:: Data
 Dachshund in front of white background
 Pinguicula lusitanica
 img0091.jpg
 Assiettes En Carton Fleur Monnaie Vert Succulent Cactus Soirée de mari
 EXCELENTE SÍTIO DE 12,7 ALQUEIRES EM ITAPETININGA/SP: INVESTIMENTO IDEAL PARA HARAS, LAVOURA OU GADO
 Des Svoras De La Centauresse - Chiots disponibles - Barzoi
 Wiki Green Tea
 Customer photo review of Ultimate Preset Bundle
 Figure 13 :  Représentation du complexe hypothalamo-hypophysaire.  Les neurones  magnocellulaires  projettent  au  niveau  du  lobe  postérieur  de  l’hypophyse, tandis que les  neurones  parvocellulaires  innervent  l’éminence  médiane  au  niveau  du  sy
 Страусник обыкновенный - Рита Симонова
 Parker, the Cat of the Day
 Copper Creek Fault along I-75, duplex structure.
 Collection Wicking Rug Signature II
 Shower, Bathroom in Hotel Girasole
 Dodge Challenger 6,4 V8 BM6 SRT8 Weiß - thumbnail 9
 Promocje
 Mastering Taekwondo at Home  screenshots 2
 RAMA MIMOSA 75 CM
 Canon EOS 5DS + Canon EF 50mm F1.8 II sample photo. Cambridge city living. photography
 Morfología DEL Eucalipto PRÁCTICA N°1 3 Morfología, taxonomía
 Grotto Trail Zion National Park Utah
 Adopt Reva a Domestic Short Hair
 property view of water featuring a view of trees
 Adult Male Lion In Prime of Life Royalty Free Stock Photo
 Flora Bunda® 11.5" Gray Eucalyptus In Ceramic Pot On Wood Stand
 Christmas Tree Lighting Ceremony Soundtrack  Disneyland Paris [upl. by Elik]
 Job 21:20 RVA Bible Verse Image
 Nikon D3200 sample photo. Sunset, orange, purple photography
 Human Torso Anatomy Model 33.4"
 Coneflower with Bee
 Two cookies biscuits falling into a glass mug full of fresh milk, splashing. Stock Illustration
::::
→ **The problem**
Look through the data above and return exactly the lines from the one that contains "Dodge Challenger 6,4" to the one that contains "Coneflower with Bee", inclusive, with nothing else.

→ **Response area**
 Dodge Challenger 6,4 V8 BM6 SRT8 Weiß - thumbnail 9
 Promocje
 Mastering Taekwondo at Home  screenshots 2
 RAMA MIMOSA 75 CM
 Canon EOS 5DS + Canon EF 50mm F1.8 II sample photo. Cambridge city living. photography
 Morfología DEL Eucalipto PRÁCTICA N°1 3 Morfología, taxonomía
 Grotto Trail Zion National Park Utah
 Adopt Reva a Domestic Short Hair
 property view of water featuring a view of trees
 Adult Male Lion In Prime of Life Royalty Free Stock Photo
 Flora Bunda® 11.5" Gray Eucalyptus In Ceramic Pot On Wood Stand
 Christmas Tree Lighting Ceremony Soundtrack  Disneyland Paris [upl. by Elik]
 Job 21:20 RVA Bible Verse Image
 Nikon D3200 sample photo. Sunset, orange, purple photography
 Human Torso Anatomy Model 33.4"
 Coneflower with Bee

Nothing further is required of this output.